Early March, lantana volunteers a garden


full of colour where hummingbirds


are busy to the last breath


of light. Almost time the owl flies down


from the stars to question who we are


and where  we’re from, which neither


faith nor science seems to know


but sitting in a quiet place reveals


darkness has a heart.

 


In the Beginning 


            I want to reconsecrate things as much


            as possible, I want to remythicise them.

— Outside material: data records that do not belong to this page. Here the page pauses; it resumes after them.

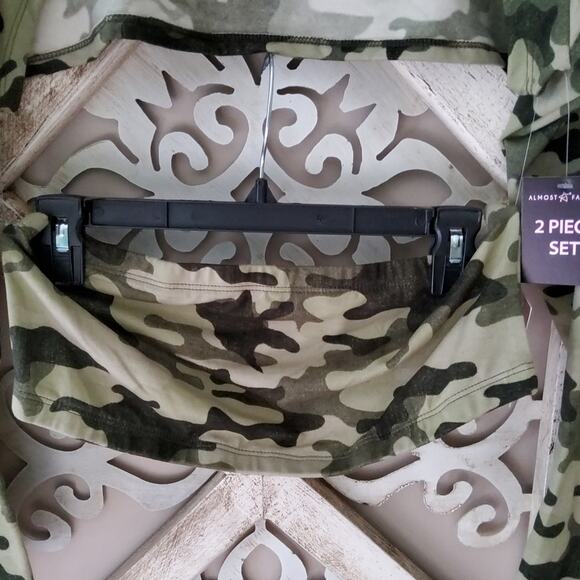 Almost Famous Juniors Soft Camo 2 Piece Tube Top & Long Sleeve Mock Crop Top - Picture 3 of 8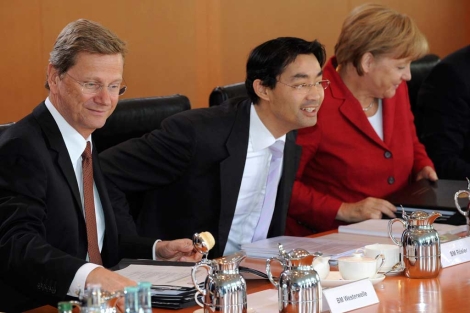 Los ministros de Exteriores, Westerwelle, y Economa, Philipp Roesler, junto a la canciller Merkel.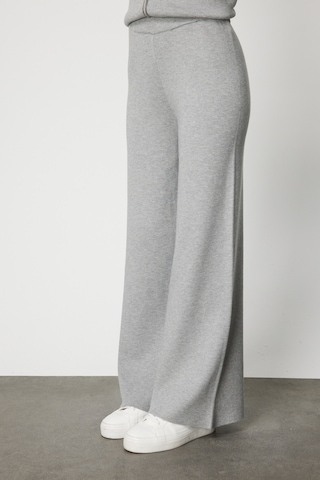 On Kadın Beli Lastikli Bol Paça Triko Pantolon 63321 Gri Gri
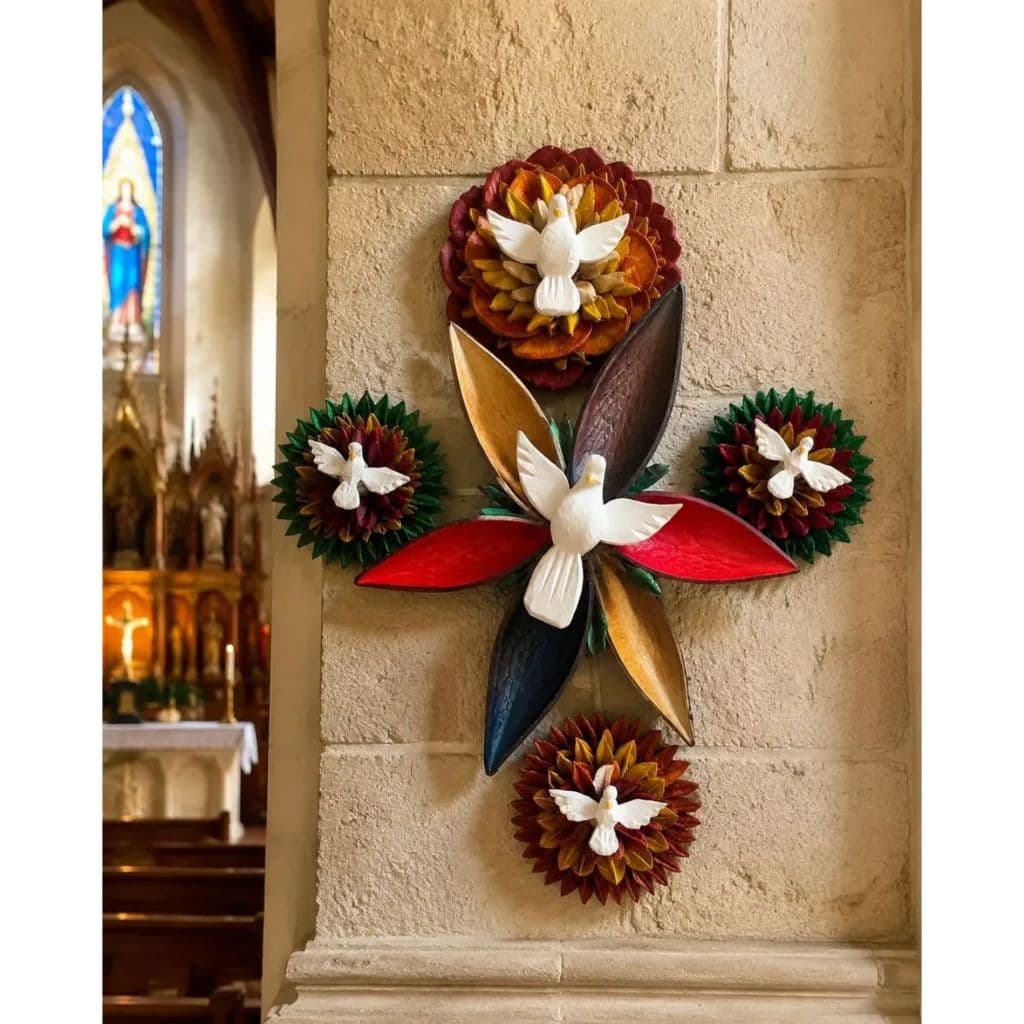 Imagem Espírito Santo Madeira Com Sementes Decoração Parede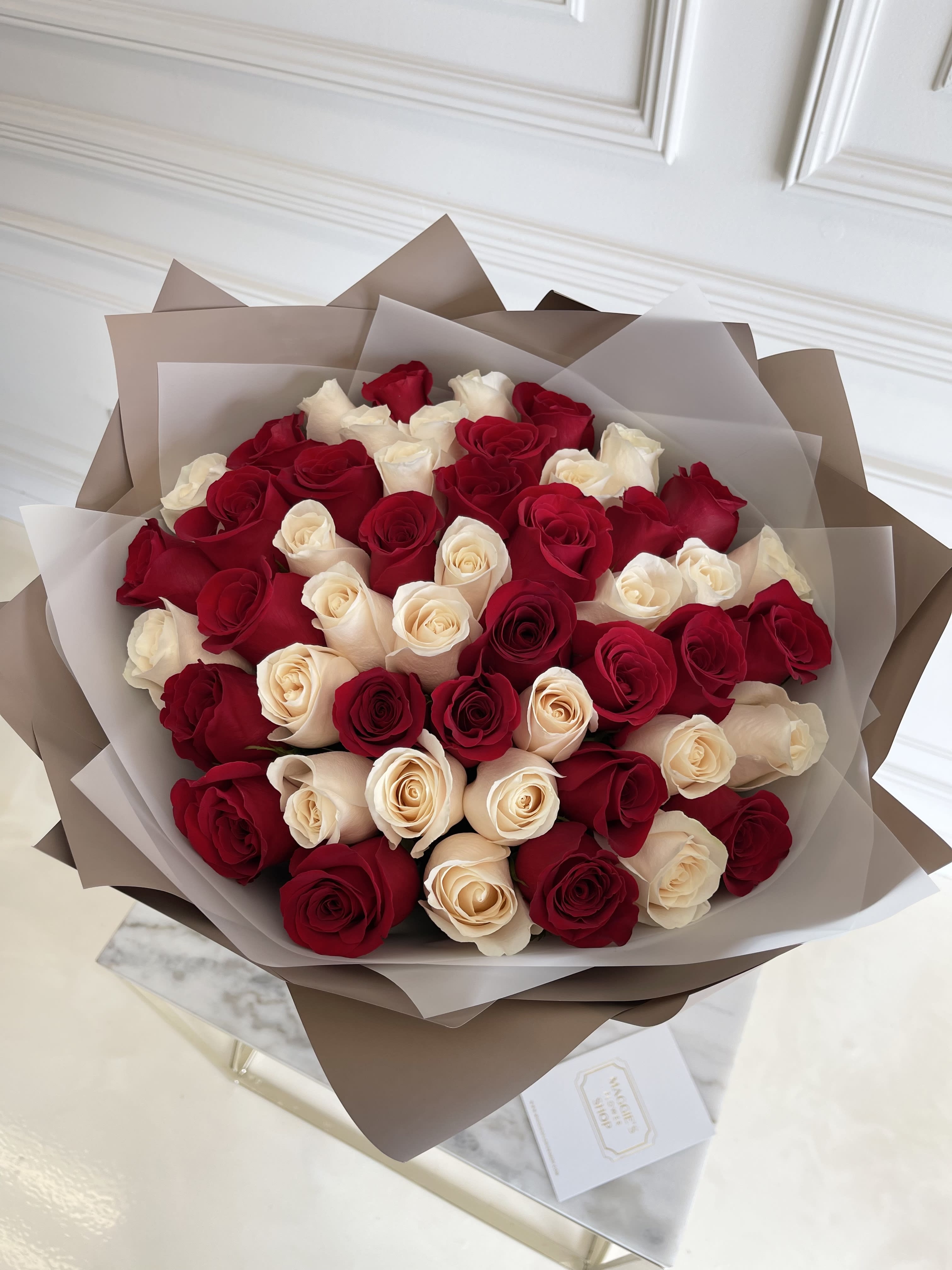 MFS 50 Bouquet (Red x White) CA | Maggie's Flower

                        Pier Paolo Pasolini

 


Before there was a wingbeat


to set the shiver free


that turned into the moon, before a mountain fell


from the unmapped sky,


before quail and mockingbirds and orioles


who trailed fire when they flew


came thunder loud enough


to touch.


                So did the moment pass in which


all beginnings began. No advance notice.


No cooling winds. A patch


of winged sunlight descending


to the ridgeline beneath


which spiny lizards first opened their eyes to see


themselves glow, becoming myth


in tiny dragon scales.





David Chorlton is a European who has lived in Arizona since 1978 and found the desert to be a beautifully introspective land. He makes his home in Phoenix, fortunate to be close to the extensive desert mountain park that runs through the city. His interests beyond poetry run to birds, music from diverse sources from medieval to modern and  painting.